#### Problem description
Below are the entries. Print only the lines starting at the one with "UFC's PS12m Performance" and ending at the one with "Punisher 41 NM+", exactly, with no pictures.

[Extracted entries Boundary: Start]

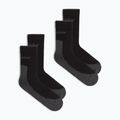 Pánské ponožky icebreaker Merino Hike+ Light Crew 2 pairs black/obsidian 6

[Extracted entries Boundary: End]
[Extracted entries Boundary: Start]

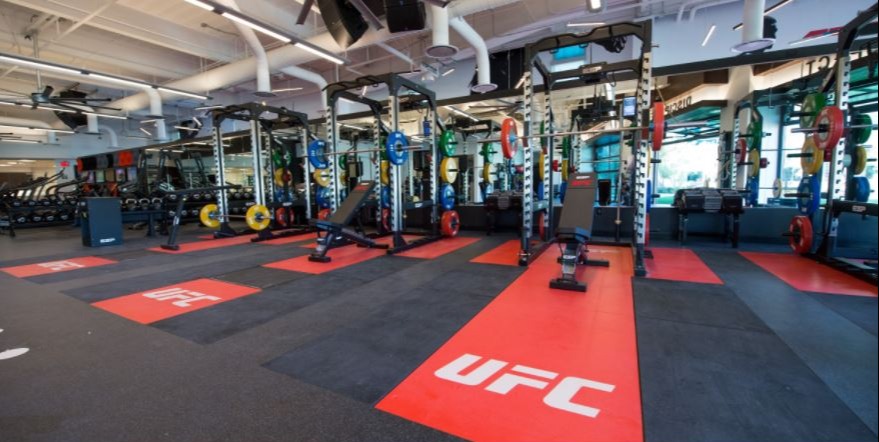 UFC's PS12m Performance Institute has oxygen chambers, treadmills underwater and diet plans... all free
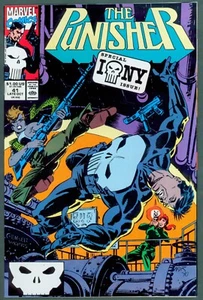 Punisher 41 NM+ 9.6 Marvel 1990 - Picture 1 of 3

[Extracted entries Boundary: End]
[Extracted entries Boundary: Start]

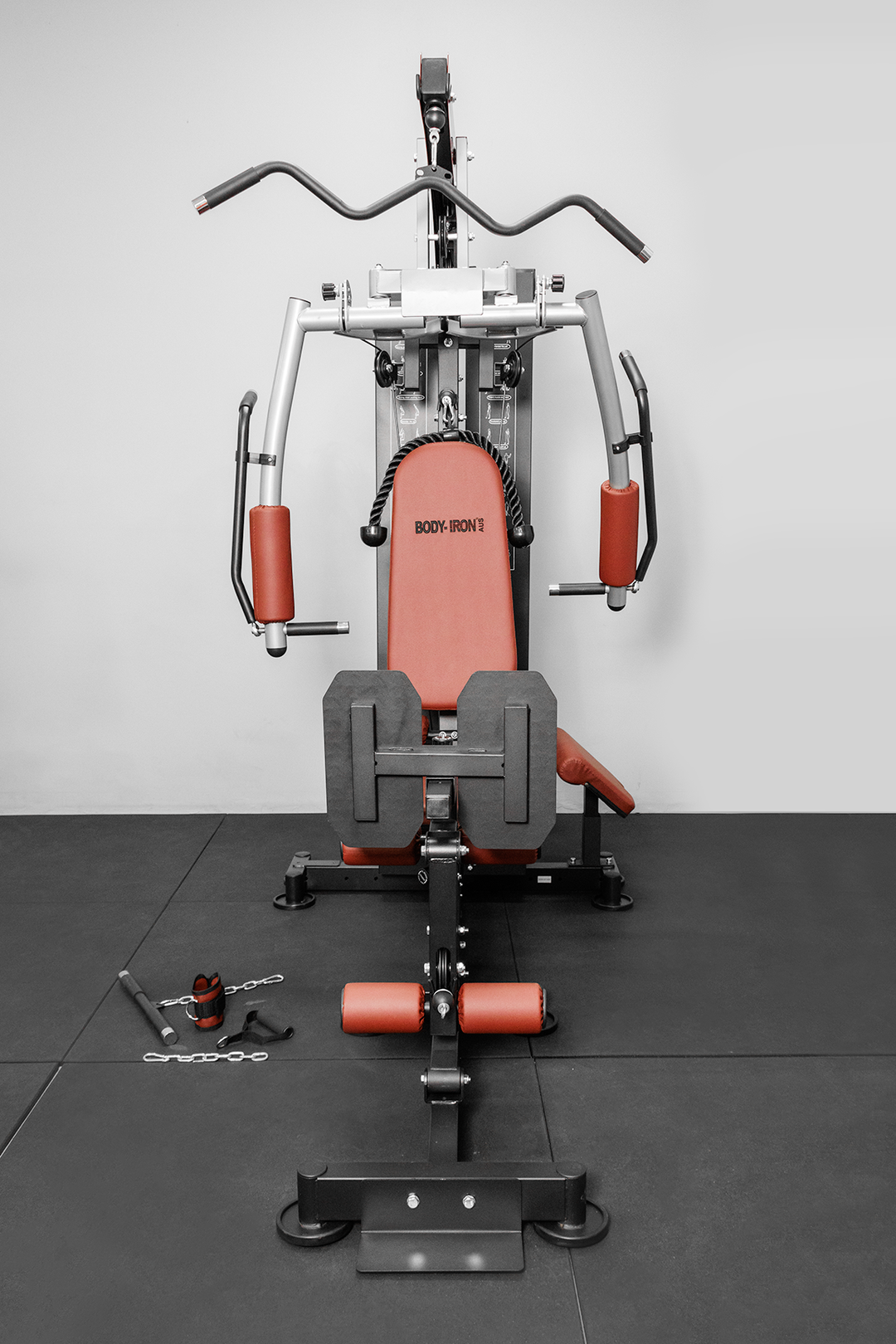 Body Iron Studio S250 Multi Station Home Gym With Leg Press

[Extracted entries Boundary: End]

#### Written answer
 UFC's PS12m Performance Institute has oxygen chambers, treadmills underwater and diet plans... all free
 Punisher 41 NM+ 9.6 Marvel 1990 - Picture 1 of 3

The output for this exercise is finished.